A buddy back in high school had one like that. His may have been a few years newer. I'm not a very big guy but you could throw that thing around like a toy.

The last time I rode it I was hauling ass down a field edge where the snow drifted out into the field and hit one of those drifts at a bad angle and just about did a barrel role with the sled landing on its hood.:yikes: You can understand why it was the last time I rode it.


----------



## Burksee

On the clutch issue and without spending much if any cash you can check/make changes by; Yamaha secondaries of that vintage can be "tightened" up quite easily by taking snap ring off and turning the cam one over one time to tighten it up.
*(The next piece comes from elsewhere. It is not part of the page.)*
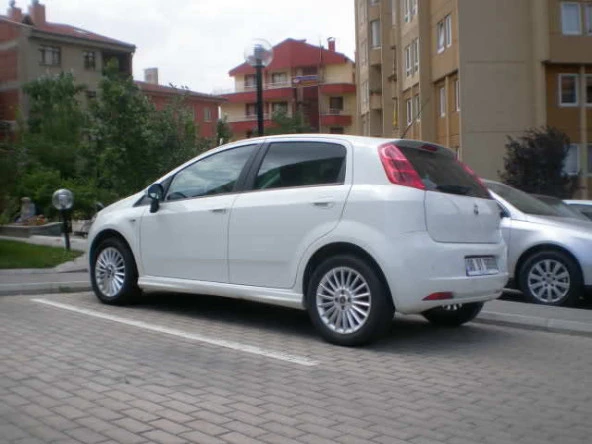 Fiat Punto Marşpiyel için (Plastik)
Beware, if you let it slip it'll hurt! 

Tightening up the secondary will delay shifting and hold the primary back a bit as well. On the primary I'd start by shimming the spring, that will raise the engagement a bit.
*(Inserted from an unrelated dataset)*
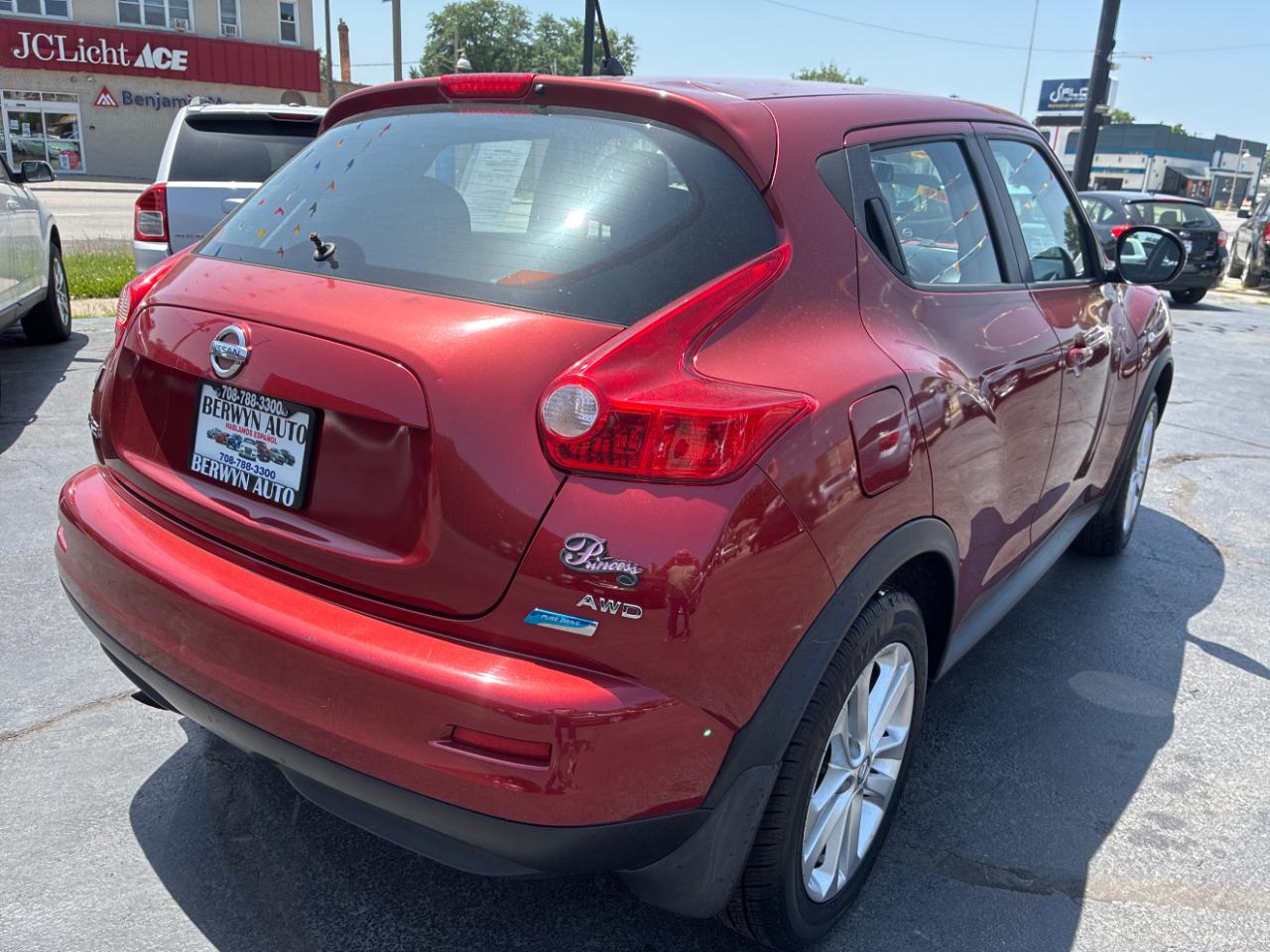 Nissan Juke S AWD 2012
Another commonly overlooked issue is motor and clutch distance and alignment, that along with a worn, stretched belt will cause performance issues as well.


----------



## Mister ED

I did the same this year. Bought an 80 Kawasaki from another member here, to use for ice fishing. I tore into it, just to make sure I wouldn't get left stranded and spent most of the winter wrenching not fishing, LOL. 

One thing, look into replacing the 30+ year old crank seals. Not sure how the Yammies were, but the Kawasaki engines would go through them (older Cats, Deeres, and others ran Kawasaki engines). Pulling air into the bottom end and leaning things out ... bog at best, meltdown at wost case.


----------



## Crazy Axe

Thanks for the input.. Yeah I, with the help of my FIL, pulled the helix and drilled it so the spring was wound tighter.. Put it back on and tried to wind it one more time but it didn't quite go. I found the stock replacement springs 6 something for one and 7 something for the other. I'm gonna start there and see how much/if it helps. Found them at babbitts online. Some of their parts are hard to find and cheap and some are incredibly expensive (like front shocks.. almost 60/piece other places are 30/pair)
Also I had to pull the motor to get the carb completely off, didn't quite have the right tools to do it with the motor in, so it went back in with a fresh belt and have triple-checked the tension and alignment on the belt. The crank seals, I am pretty sure they are good. From what I understand if they are bad, they start hard and yes run lean. When I swapped the carb I had to blindly jet it so I've been running it and checking plugs and making minor adjustments but I have it pretty close. It had a Keihin PF14 butterfly/diaphragm style carb and I swapped for a Mikuni VM32 roundslide/float style.. Needless to say, it runs a LOT better now..


----------